31.After considering the legislation, policy considerations and available evidence cumulatively, the Tribunal finds that the visa applicant has not complied substantially with condition 8202 of his visa. The Tribunal finds that the visa applicant has not complied substantially with the conditions to which the visa (if any) held, or last held, by the applicant is, or was, subject. The Tribunal finds that the visa applicant does not satisfy clause 573.212. (Tribunal’s emphasis)
Although the Tribunal has not discussed each of the explanations put forward by the applicant individually, I do not consider that it has failed to take them into account so far as they could have a bearing on the question raised for the Tribunal by item 573.212. In the face of the applicant’s academic record, it would have been difficult, if not impossible, for any Tribunal to have arrived at any different conclusion, whatever explanations were provided. I am not persuaded that the Tribunal has failed to address any matter which it was legally required to address or has misunderstood the question it had to ask itself when affirming the delegate’s decision.
The application for review filed in this Court contains claims of failure of procedural fairness because the applicant was denied “the opportunity to put their case as required and to explain the situation which was beyond my control”. However, I am not persuaded that there was any denial of procedural fairness, nor that the Tribunal did not afford the applicant the opportunity referred to. Indeed, it is plain to me that the Tribunal allowed the applicant every opportunity to put before the Tribunal, both in writing and orally, his explanations for his bad results, and all his arguments as to why it should not find that he had not “complied substantially with the conditions” to which his earlier visa was subject.

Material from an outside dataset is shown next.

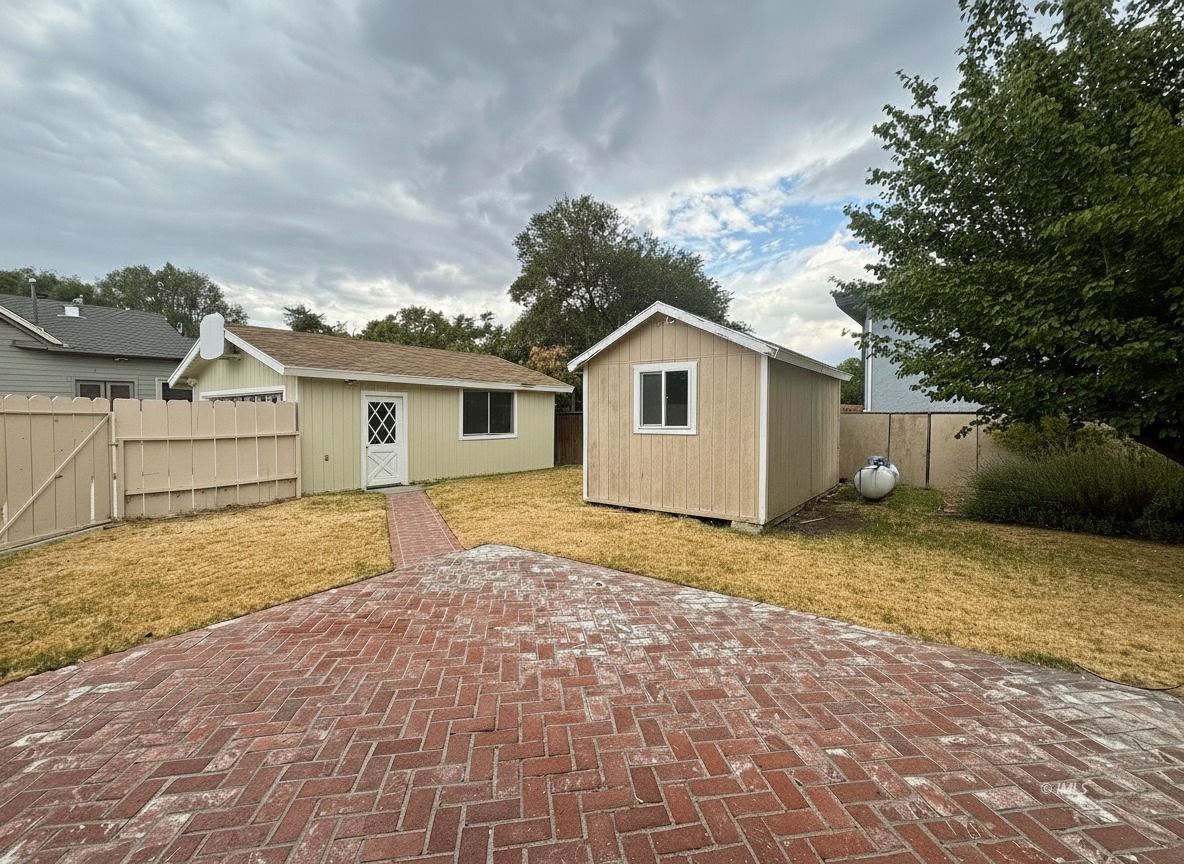 411 East Line Street Bishop, CA 93514 - Photo 11 of 12 a view of backyard of house with green space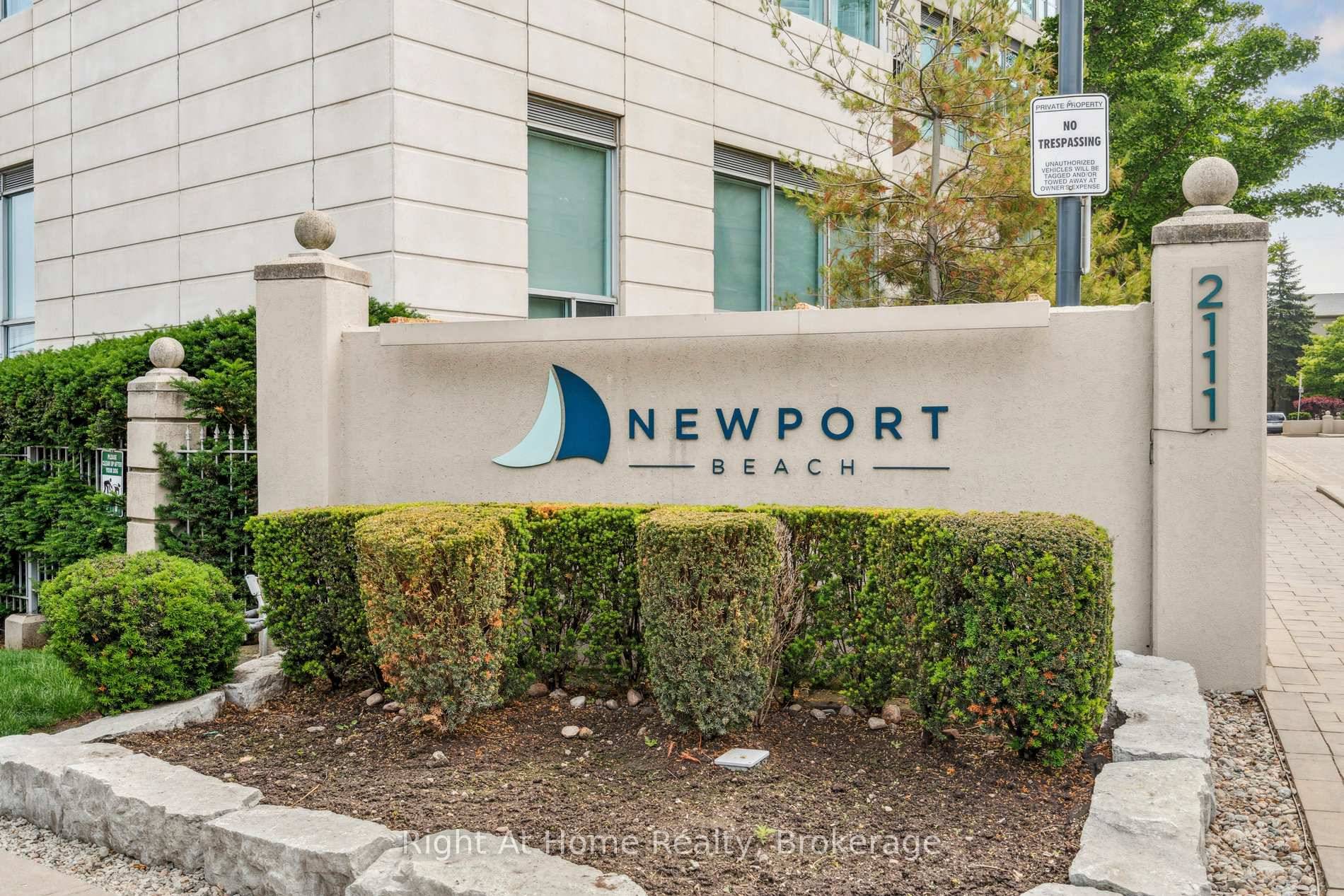 Welcome to your new home in this bright and spacious 2 bedroom, 2 bathroom condo, where natural light pours in and water views take centre stage.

Other general claims of jurisdictional error are alleged in the application, but these are unparticularised, and I can find no substance in them.
The applicant’s amended application repeats the complaint of failure of procedural fairness, but without particulars. It also complains:
The tribunal has acted on bad faith and therefore was committed jurisdictional error. The tribunal failed to exercise its discretion in relation to the applicant’s poor academic performance during his previous study period in Australia.
There is no substance to the suggestion of bad faith.
The suggestion that the Tribunal had a “discretion” to overlook the applicant’s poor academic performance reflects an incorrect understanding of the legal criteria which the Tribunal was obliged to address. They did not give the Tribunal a discretion to overlook a failure to comply substantially with the conditions of the visa. To such extent that the test of “complied substantially” allowed a qualitative assessment of the non‑compliance with the visa condition, in my opinion the Tribunal took into account all relevant considerations that it was obliged to, in particular, by assessing the extent and nature of the non‑compliance, and by considering the various matters which had been put to it by the applicant.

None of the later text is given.